The Partridge Island Research Project began in 1977. Its objective was to gather data about the island’s past. At the time the only items on record dealt with the immigrants of 1847, the lighthouse and a few military references. These public documents were less than two dozen in total. It became apparent that much more than research was required. In 1979 students cleaned the military works on the island and at the other military sites around the harbour.

In 1983 the Saint Patrick’s Society of Saint John provided $500 towards the $2,000 to make minor repairs to the Celtic Cross. After fifty five years of neglect it was in danger of falling down. In 1985 a full restoration of the cross, at a cost in excess of $100,000, was undertaken by the Research Project, with assistance from two local businesses.

In 1985 the Cross was rededicated, and a grave marker was placed at the base of the Cross, where Mr. McArthur’s cremated remains were placed in 1932. During this ceremony the Saint John Jewish Community dedicated a memorial marker to the Jewish immigrants buried on the island. The remains of several unidentified immigrants were re-interred in the Protestant and Roman Catholic cemeteries, and the Saint John Lions Club, in association with the Saint John Regional Correctional Centre, rebuilt the fence around the three newer cemeteries. In 1994 the Loyal Orange Lodge erected a monument dedicated to all immigrants of the Protestant faith.

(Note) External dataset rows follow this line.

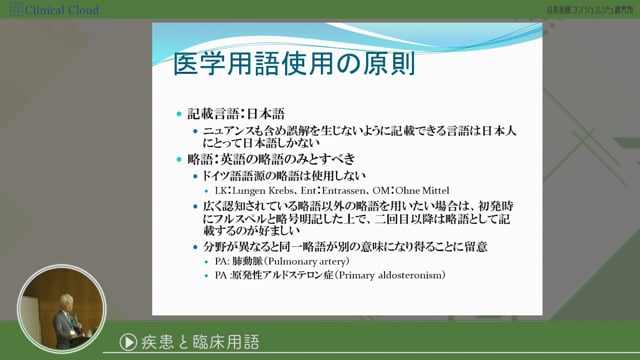 [07-1] 医師事務作業補助者研修 section07：疾患と医療用語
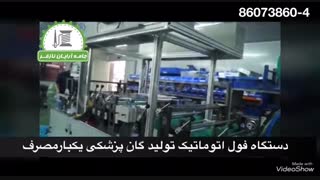 دستگاه اتوماتیک تولید گان پزشکی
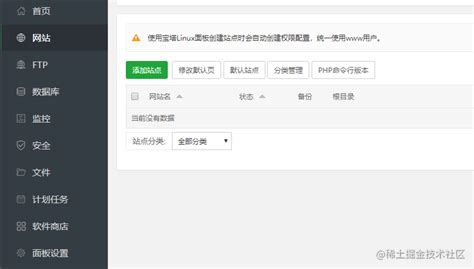上海搭建网站教程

The Research Project began boat tours to the island in 1982.

In 1985 there was a positive decision from the Historic Sites & Monuments Board of Canada concerning interpreting the theme of quarantine on Partridge Island. In cooperation with the Government of New Brunswick, Partridge Island could be used to tell the story of 19th century immigration to the Maritime Provinces. Parks Canada has yet to fulfil that mandate.

To oversee any physical development of the island, the Partridge Island & Harbour Heritage Inc. was incorporated in 1988 as a non-profit, charitable corporation. In 1988 the island museum opened, and work began on cleaning away over forty years of debris and neglect from the islands many structures. The museum and tours closed in 1995 due to concerns over environmental hazards on the island.

The Research Project continues today to document the island’s history. It is not possible to visit the island today.

While we tend to think of Partridge Island only in terms of the 1847 Irish, it has been shown that the Irish connection to the island runs deeper than just the events of that one summer. Although it is important that we remember the hardships and agony of those immigrants who died, it is equally important to recognize and remember the contributions of the hundreds of thousands of immigrants who survived, and their descendants who are with us today.


The following picture of the Celtic Cross erected on Partridge Island in 1927 was provided by James M. Whelan:

 

Partridge Island Celtic Cross

Inscription on cross reads:

This monument was erected in memory of more than 2,000 Irish immigrants, who died of typhus fever, contracted on shipboard during the voyage from Ireland, in the famine year 1847, and of whom 600 were buried on this Island. This Cross also commemorates the devotion and sacrifice of Dr. Patrick Collins, who, after ministering to the victims of the disease, himself contracted it and died.